As part of an overarching environmental mission, the Zurich-based reinsurance company Swiss Re held a groundbreaking for a new solar field on October 26 at its U.S. headquarters in Armonk. The project is slated to add 7,700 individual solar panels to the rolling hills surrounding the Westchester campus, which will generate 2 megawatts of power. This would constitute roughly 60 percent of all power required by the 700-person office.
This move dovetails with the company’s ongoing mission to reduce their environmental footprint. “We, along with a group of other large companies, formed the RE100 initiative a few years back when we committed that all electricity we would use to power all of our global operations will be from renewable resources by the year 2020,” said Swiss Re CEO and President J Eric Smith during the proceedings. “This is one of the biggest efforts you will see over the next few years so that Swiss Re globally can meet that RE100 commitment.”

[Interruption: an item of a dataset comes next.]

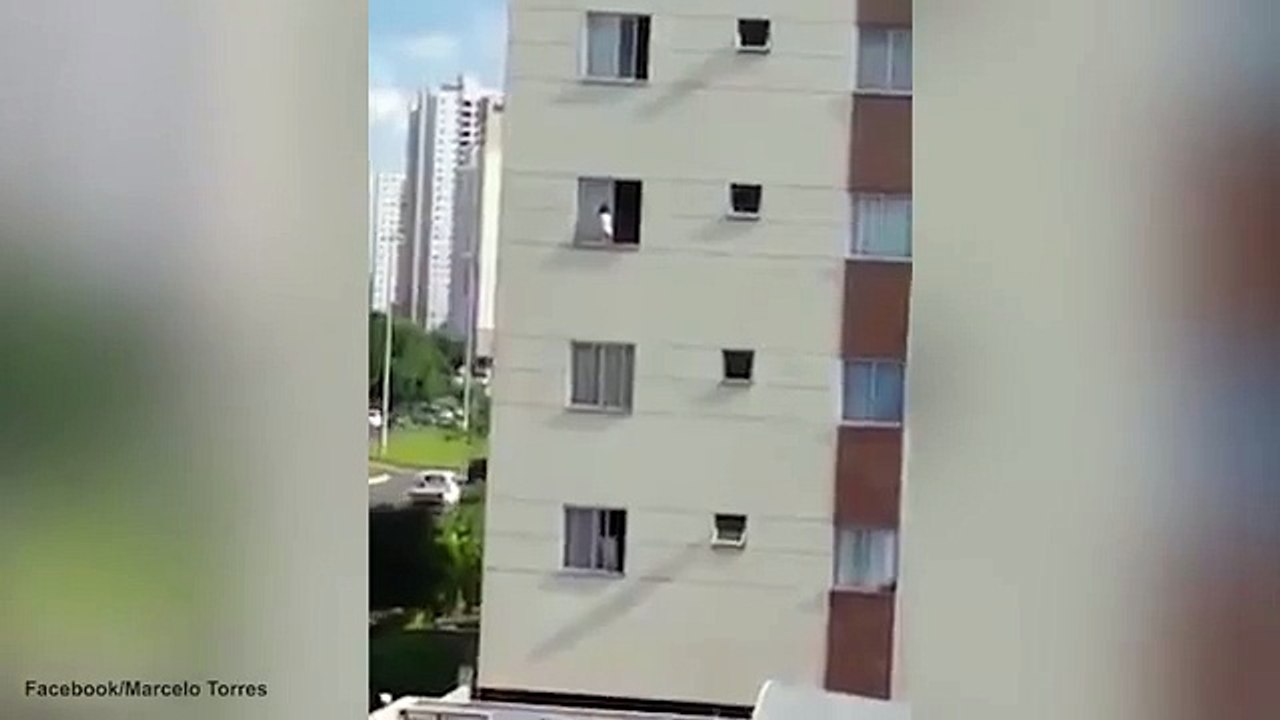 toddler walks along 3rd floor window l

According to Vincent Eckert, head of internal environmental management at Swiss Re, the project will span 10 acres — or four soccer fields — and, on very sunny days, can generate more power than the U.S. headquarters requires. Eckert added that the installation time for the project should be “relatively short,” with April as the estimated time of activation.

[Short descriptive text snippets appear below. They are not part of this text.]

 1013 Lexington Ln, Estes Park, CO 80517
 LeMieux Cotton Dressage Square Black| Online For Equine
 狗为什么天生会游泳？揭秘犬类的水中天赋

“The size and the commitment makes this project stand out,” Smith tells 914INC. “It honors our brand and is what we are all about. Our mission is to make the world more resilient and a big part of that is helping society protect against natural catastrophes. It is sustainable projects like this… that demonstrate this commitment to making a difference.”

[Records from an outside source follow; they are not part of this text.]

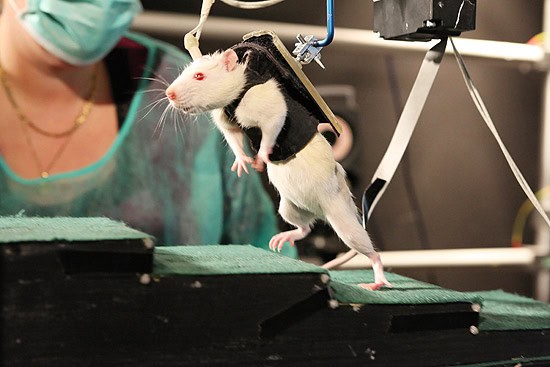 Mice’s Jaw-Dropping Instinct to Save Buddies from the Brink – Nature’s Paramedics?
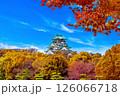 Autumn seasons and castle in Osaka, Japan. 126066718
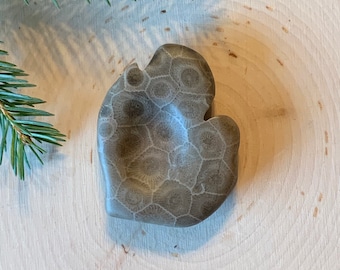 Worry Stone, Petoskey Stone, Mitten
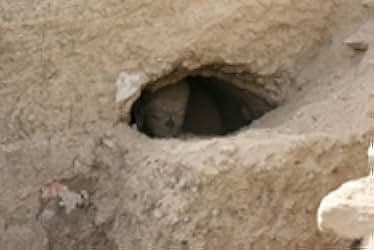 Saving Mes Aynak 2014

(L to R) Eric Smith, President and CEO of Swiss Re Americas; Michael Schiliro, Supervisor, North Castle; U.S. Representative Nita Lowey; and Jose Berra, North Castle Council Member at the groundbreaking for Swiss Re Americas solar power installation in Armonk on October 26.
The Armonk groundbreaking was attended by several notable officials, including U.S. Congresswoman Nita Lowey, North Castle supervisor Michael Schiliro, and North Castle council member Jose Berra.